A socióloga conta que as críticas contra ela surgem principalmente nas redes sociais, ambiente que ela diz ter deixado a discussão polarizada. "Isso impede as pessoas de discutir, aprender e falar umas com as outras sobre o assunto. Acredito que a maioria [das radfems e dos transativistas] não quer ofender ninguém", afirma. "Mas é importante conversarmos e também não apoiarmos pontos de vista hostis e excludentes."

Mackay lembra Judith Butler e a radfem Andrea Dworkin para dizer ainda que, apesar de muitas divergências, há também semelhanças na maneira pela qual a teoria queer e o feminismo radical veem o gênero —a partir da compreensão de que ele surge como uma construção social e prejudica não só mulheres, como também homens, ainda que de maneira e grau diferentes.

Assim como as radfems e parte dos transativistas, Mackay acredita que a solução para o sexismo seria a abolição dos papéis de gêneros, o que viria a acontecer num longo processo histórico. "É claro que há radfems transfóbicas e transativistas misóginos, mas toda essa discussão não deveria ser reduzida a uma luta entre feministas e transativistas", defende ela, que sugere autocríticas a ambos os grupos.
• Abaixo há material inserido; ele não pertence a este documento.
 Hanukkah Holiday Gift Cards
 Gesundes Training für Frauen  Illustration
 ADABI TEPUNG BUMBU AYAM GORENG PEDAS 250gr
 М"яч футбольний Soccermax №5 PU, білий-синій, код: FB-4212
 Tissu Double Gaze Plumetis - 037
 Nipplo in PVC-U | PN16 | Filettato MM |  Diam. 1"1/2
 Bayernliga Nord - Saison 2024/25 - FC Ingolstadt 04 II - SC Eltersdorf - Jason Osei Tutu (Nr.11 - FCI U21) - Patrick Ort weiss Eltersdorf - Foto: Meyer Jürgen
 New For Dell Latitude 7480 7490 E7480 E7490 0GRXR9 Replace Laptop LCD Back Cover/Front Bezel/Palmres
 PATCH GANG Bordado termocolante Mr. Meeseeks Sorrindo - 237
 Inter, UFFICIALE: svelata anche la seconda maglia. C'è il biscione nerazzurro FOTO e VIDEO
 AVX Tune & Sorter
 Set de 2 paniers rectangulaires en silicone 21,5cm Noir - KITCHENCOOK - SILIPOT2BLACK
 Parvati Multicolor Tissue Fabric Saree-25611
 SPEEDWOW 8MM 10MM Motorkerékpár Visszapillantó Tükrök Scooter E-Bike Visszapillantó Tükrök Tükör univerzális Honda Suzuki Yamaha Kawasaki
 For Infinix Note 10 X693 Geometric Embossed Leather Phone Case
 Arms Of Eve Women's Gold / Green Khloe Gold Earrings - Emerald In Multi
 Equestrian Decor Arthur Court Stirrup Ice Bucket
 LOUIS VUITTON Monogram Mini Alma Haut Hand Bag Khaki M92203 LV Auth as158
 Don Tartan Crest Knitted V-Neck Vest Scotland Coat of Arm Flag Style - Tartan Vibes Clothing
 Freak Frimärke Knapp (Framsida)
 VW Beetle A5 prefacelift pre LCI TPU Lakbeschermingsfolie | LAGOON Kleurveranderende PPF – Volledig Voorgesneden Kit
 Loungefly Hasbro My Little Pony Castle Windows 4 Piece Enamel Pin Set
"O ativismo queer precisa reconhecer os efeitos da socialização. Mulheres são treinadas desde a infância para serem cautelosas com homens em espaços femininos. Então aquelas [que são contra a presença de pessoas com pênis nesses locais] podem não ser transfóbicas e estarem apenas lidando com a socialização, num sistema que as culpa pela violência masculina", afirma a socióloga.

"Mulheres trans são, desproporcionalmente, afetadas pela violência sexual e pelo abuso doméstico", ela diz, lembrando que esse é um ponto que precisa ser reconhecido pelo movimento radfem. "É uma questão em que todos deveríamos estar lutando juntos."